Artinya: “...hingga dia menikah dengan laki-laki yang lain.” (QS. Al-Baqarah: 230)


Dalam ayat tersebut, Allah tidak menyebut wali sebagai syarat pernikahan. Selain itu, menurut mazhab Hanafi, khithab dalam frasa فَلَا تَعْضُلُوْهُنَّ lebih tepat ditujukan kepada suami. Suami dilarang rujuk dengan niat menyengsarakan istri atau menghalanginya menikah dengan pria lain dengan memperpanjang masa 'iddah.


Mazhab Hanafi juga berpendapat bahwa firman Allah SWT: إِذا تَراضَوْا بَيْنَهُمْ menunjukkan bahwa seorang laki-laki diperbolehkan melamar wanita secara langsung tanpa melalui wali, asalkan ada kesepakatan di antara keduanya. Praktik al-‘adhl (menghalangi wanita untuk menikah) hanya dapat terjadi setelah masa ‘iddah berakhir.


Adapun frasa بِالْمَعْرُوفِ menegaskan bahwa menghalangi wanita menikah dengan pria yang tidak sepadan tidak dihukumi haram. Sebagian ulama bahkan membolehkan wali melarang pernikahan apabila mahar yang diajukan berada di bawah standar mahar mitsil (sepadan). Penentuan kesepadanan ini didasarkan pada kebiasaan yang berlaku sesuai dengan norma syariat, bukan adat istiadat yang menyimpang.

 

Iman Mendorong Manusia untuk Menerima Nasihat

Menurut penjelasan Syekh Wahbah, frasa ذلِكَ يُوعَظُ بِهِ مَنْ كانَ مِنْكُمْ يُؤْمِنُ بِاللهِ وَالْيَوْمِ الْآخِرِ menegaskan bahwa orang yang benar-benar beriman pasti akan menerima nasihat. Sebaliknya, mereka yang enggan mendengar nasihat dan tidak mematuhi perintah Allah bukanlah orang yang beriman sejati. Keimanan mereka hanya sebatas ucapan di bibir, sementara hati mereka tidak sepenuhnya beriman.

 

Syekh Wahbah juga menjelaskan bahwa syariat ilahi dirancang untuk melindungi maslahat umum (kepentingan masyarakat) dalam jangka panjang. Namun, manfaat ini seringkali sulit dipahami oleh manusia karena keterbatasan akal dan ketidakmampuan mereka untuk memprediksi masa depan.
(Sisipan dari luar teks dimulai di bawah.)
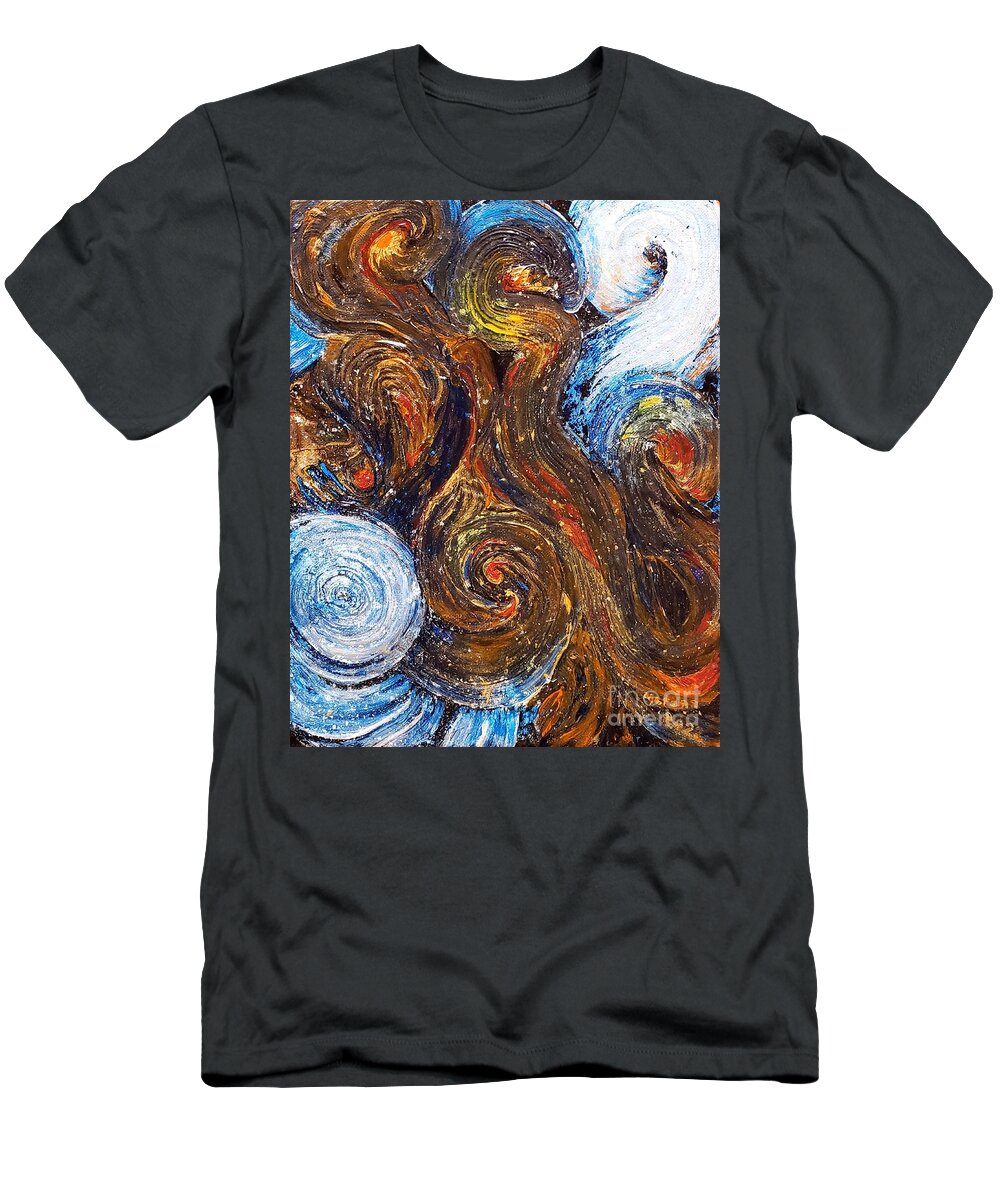 Exoplanet T-Shirt featuring the painting Exoplanet #3 Vortices of Fire and Ice by Merana Cadorette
Sebagaimana disebutkan dalam Tafsirul Munir karya Syekh Wahbah Az-Zuhaili (hal. 355-356), syariat memberikan bimbingan yang terkadang melampaui kemampuan manusia untuk menalarnya, tetapi bertujuan menjaga kebaikan dan keadilan dalam masyarakat.


Dari penjelasan ini dapat kita pahami bahwa Surat Al-Baqarah ayat 232 membahas tentang ketentuan hak perwalian dalam pernikahan seorang perempuan yang telah ditalak. Dengan kata lain, pernikahan tersebut tidak boleh dilangsungkan tanpa kehadiran wali. Wallahu a'lam.


Ustadz M. Ryan Romadhon, Alumni Ma’had Aly Al-Iman Bulus, Purworejo, Jawa Tengah.